You build a new glibc, distribute it to the user, and hope that the bug has been fixed.

You claim that you can't easily test the fix. In a high memory load situation you have no control over where malloc will fail and return NULL.

Time passes and the user returns saying glibc still fails in roughly the same place under high memory load.

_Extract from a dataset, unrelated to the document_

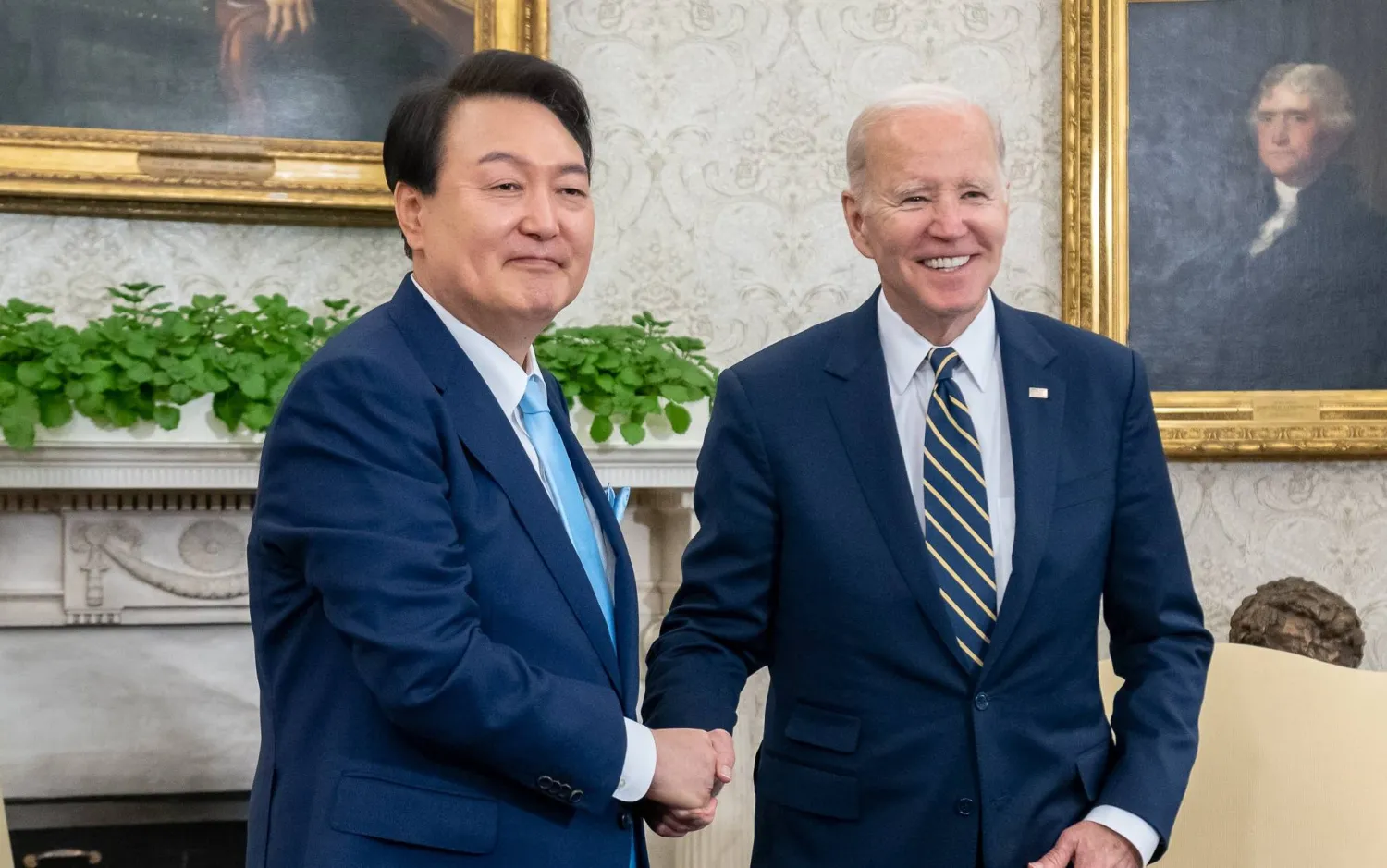 الرئيسان الكوري الجنوبي يون سوك يول والأميركي جو بايدن (البيت الأبيض)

The core file reveals the following:

[carlos@koi bug]$ gdb -c core.24446 ./nls-test
GNU gdb (GDB) Fedora (7.4.50.20120120-54.fc17)
Copyright (C) 2012 Free Software Foundation, Inc.
License GPLv3+: GNU GPL version 3 or later <http://gnu.org/licenses/gpl.html>
This is free software: you are free to change and redistribute it.
There is NO WARRANTY, to the extent permitted by law.  Type "show copying"
and "show warranty" for details.
This GDB was configured as "x86_64-redhat-linux-gnu".
For bug reporting instructions, please see:
<http://www.gnu.org/software/gdb/bugs/>...
Reading symbols from /home/carlos/support/bug/nls-test...done.
[New LWP 24446]
Core was generated by `/home/carlos/support/bug/nls-test /home/carlos/support/bug/domaindir'.
Program terminated with signal 11, Segmentation fault.
#0  __strstr_sse2 (haystack_start=0xffffffffffffffff <Address 0xffffffffffffffff out of bounds>, 
    needle_start=needle_start@entry=0x7fab8721a907 "charset=") at ../string/strstr.c:63
63        while (*haystack && *needle)
(gdb) bt
#0  __strstr_sse2 (haystack_start=0xffffffffffffffff <Address 0xffffffffffffffff out of bounds>, 
    needle_start=needle_start@entry=0x7fab8721a907 "charset=") at ../string/strstr.c:63
#1  0x00007fab870e2a9c in _nl_find_msg (domain_file=domain_file@entry=0x22732e0, domainbinding=domainbinding@entry=0x2272010, 
    msgid=0x112 <Address 0x112 out of bounds>, msgid@entry=0x400ba0 "", convert=convert@entry=1, lengthp=lengthp@entry=0x7fff780e8c78)
    at dcigettext.c:948
#2  0x00007fab870e31ab in __dcigettext (domainname=0x2273260 "existing-domain", msgid1=0x400ba0 "", msgid2=0x0, plural=0, n=0, category=5)
    at dcigettext.c:630
#3  0x0000000000400821 in positive_gettext_test () at nls-test.c:44
#4  0x0000000000400aae in main (argc=2, argv=0x7fff780e8e38) at nls-test.c:115
(gdb) 

Looking at the code in question you see the following:

            /* Get the header entry.  This is a recursion, but it doesn't
               reallocate domain->conversions because we pass convert = 0.  */
            nullentry =
              _nl_find_msg (domain_file, domainbinding, "", 0, &nullentrylen);

            if (nullentry != NULL)
              {
                const char *charsetstr;

                charsetstr = strstr (nullentry, "charset=");

The code in question can't handle _nl_find_msg returning a value of -1, and this is disconcerting since one expects callers to handle error conditions correctly.